This building features a clear-span structure with a glass façade and an exposed steel frame, creating an open interior that emphasizes connection between inside and outside. A tiled blue core runs through both levels and serves as a visual anchor, while a mezzanine level looks out over the main floor and provides flexible space for work or gathering.

A wide staircase with minimal railings connects the floors and enhances the sense of flow. Subtle touches of color, like the red chairs and railings, stand out against a calm backdrop of concrete, glass, and wood finishes.
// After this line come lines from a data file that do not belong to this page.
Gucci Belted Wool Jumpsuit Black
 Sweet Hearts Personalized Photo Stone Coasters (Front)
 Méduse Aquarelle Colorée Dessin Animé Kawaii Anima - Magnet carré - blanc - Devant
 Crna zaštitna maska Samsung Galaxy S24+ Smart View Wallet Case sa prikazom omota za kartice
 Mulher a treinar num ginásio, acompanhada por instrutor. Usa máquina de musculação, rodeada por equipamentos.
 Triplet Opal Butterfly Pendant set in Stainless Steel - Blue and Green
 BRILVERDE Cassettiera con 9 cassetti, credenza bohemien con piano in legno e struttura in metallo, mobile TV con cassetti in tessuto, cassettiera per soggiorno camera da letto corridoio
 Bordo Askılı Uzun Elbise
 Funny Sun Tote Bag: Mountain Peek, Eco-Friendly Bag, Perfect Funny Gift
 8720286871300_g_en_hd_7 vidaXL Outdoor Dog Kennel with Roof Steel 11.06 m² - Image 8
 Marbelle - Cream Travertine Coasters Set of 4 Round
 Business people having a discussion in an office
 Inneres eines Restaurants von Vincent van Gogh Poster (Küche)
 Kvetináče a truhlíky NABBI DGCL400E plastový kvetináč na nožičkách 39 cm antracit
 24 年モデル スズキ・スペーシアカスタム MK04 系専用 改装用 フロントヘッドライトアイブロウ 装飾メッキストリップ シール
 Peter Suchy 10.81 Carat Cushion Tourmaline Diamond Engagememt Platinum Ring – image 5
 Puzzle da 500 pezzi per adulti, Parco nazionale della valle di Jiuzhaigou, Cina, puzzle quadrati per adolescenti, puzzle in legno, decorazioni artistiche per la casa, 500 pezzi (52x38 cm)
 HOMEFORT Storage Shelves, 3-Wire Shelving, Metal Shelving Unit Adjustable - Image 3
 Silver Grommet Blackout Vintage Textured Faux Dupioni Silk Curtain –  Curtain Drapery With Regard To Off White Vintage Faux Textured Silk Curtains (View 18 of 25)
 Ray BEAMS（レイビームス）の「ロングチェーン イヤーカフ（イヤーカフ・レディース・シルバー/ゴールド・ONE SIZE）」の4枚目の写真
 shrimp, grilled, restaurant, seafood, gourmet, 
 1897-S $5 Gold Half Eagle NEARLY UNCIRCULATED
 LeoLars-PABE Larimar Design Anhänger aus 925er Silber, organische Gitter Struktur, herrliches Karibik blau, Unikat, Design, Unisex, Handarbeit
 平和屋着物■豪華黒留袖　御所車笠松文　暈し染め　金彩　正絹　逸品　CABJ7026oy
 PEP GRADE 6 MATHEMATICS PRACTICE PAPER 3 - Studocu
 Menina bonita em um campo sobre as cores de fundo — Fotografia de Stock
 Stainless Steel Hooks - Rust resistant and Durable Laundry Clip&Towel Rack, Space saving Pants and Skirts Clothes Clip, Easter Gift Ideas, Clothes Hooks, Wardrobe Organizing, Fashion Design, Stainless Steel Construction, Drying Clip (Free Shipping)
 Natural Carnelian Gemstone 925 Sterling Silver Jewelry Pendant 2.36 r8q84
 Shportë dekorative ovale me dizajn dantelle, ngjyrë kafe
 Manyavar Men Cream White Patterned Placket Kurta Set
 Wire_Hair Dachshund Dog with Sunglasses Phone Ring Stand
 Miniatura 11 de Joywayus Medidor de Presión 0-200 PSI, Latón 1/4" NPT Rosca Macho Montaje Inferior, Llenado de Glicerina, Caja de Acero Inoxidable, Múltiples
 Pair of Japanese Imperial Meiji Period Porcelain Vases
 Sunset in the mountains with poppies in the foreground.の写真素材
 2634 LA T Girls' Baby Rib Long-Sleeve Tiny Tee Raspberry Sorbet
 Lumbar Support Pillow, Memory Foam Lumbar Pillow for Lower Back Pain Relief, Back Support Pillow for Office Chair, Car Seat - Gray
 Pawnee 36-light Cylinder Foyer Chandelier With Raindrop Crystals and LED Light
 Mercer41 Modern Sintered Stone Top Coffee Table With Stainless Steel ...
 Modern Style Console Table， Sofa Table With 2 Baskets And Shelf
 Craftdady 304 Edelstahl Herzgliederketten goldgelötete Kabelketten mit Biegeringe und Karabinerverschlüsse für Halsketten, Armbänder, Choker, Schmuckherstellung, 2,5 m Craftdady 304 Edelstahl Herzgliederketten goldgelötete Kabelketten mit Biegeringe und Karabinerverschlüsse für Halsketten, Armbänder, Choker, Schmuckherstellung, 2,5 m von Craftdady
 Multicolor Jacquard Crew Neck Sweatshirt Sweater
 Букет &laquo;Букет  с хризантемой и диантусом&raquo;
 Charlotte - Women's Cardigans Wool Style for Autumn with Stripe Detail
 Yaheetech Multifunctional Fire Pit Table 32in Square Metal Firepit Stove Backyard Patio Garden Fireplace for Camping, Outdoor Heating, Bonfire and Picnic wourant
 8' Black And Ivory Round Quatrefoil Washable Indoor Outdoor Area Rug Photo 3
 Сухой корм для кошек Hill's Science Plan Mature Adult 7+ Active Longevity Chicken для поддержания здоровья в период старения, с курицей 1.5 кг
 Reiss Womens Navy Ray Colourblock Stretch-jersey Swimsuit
The design takes inspiration from modernist architecture, focusing on transparency, functional use of space, and simple, honest materials. The result is a building that can adapt to different uses over time while maintaining a clear sense of structure and purpose.

Lightweight Steel Dome

The addition of cross-bracing elements significantly improves structural performance by reducing maximum deformation and achieving a more uniform deflection distribution. In the original unbraced configuration, deformations reached -23.9 mm at edge supports and up to -10.6 mm in central grid members, indicating substantial lateral displacement and inadequate stiffness, particularly along the perimeter. With cross-bracing, maximum deformation at the edges decreased to -10.3 mm (a 57% reduction), while central deformations dropped to -1.7 mm to -2.9 mm, reflecting a 75-83% improvement. These changes demonstrate increased lateral stiffness and improved resistance to bending and shear deformations, as the bracing redistributes loads more effectively, reducing stress concentrations and ensuring a more uniform deformation profile. This enhances load-bearing capacity and makes the structure more robust.

Deformation

This diagram shows the global deformations of the dome-like grid shell under the applied load. The maximum deflection of about 23.6 mm occurs at the perimeter, where the edge beams sag due to insufficient horizontal restraint. The interior grid remains relatively stable thanks to its form-active geometry, while the outward thrust causes the unsupported edges to drop. This highlights the need for additional edge stiffening or bracing to fully control perimeter deformations and maintain the intended shell action.

Internal Forces My

The second image displays the bending moments (M‑y) in the members. Negative moments develop near the supports while positive bending appears within the spans, following the typical pattern for a continuous, rigidly connected grid. The dome’s geometry helps to reduce bending overall, but edge members still carry the highest bending moments and need careful design.

Support Reactions

This diagram shows the support reactions for the dome-like grid shell without cross bracing. The structure channels most vertical loads to the interior supports, with significant reactions around 450 kN, while the perimeter supports carry smaller vertical and horizontal components. This reaction pattern confirms that the curved geometry alone efficiently directs loads and stabilizes the system by transforming vertical forces into axial compression and horizontal thrust, which must be resisted by the supports and edge beams.

Normal Forces N

The first diagram shows the internal axial forces in the grid structure under a representative load case. The members experience uniform compression, with forces around –20 kN, indicating efficient load transfer through the frame towards the supports. This pattern suggests the grid acts as a braced system, distributing vertical loads primarily via axial action.

Moment

The third diagram illustrates the horizontal deformations (u‑X) of the structure. The displacements are minimal, with a maximum of ±0.1 mm, confirming that the dome shape and cross bracing effectively stabilize the system. This ensures that lateral sway is controlled and the curved grid performs as a stiff, self-supporting shell.

Stresses

This diagram shows the distribution of shear stress τz in the grid shell under the given load case. The structure’s dome-like geometry ensures that most members primarily carry axial forces, resulting in minimal shear stress in the interior. Higher shear stresses appear near the edges and nodes, where bending and force flow changes generate local transverse shear. The balanced distribution confirms that the grid shell efficiently channels loads to its supports while keeping internal shear within manageable limits.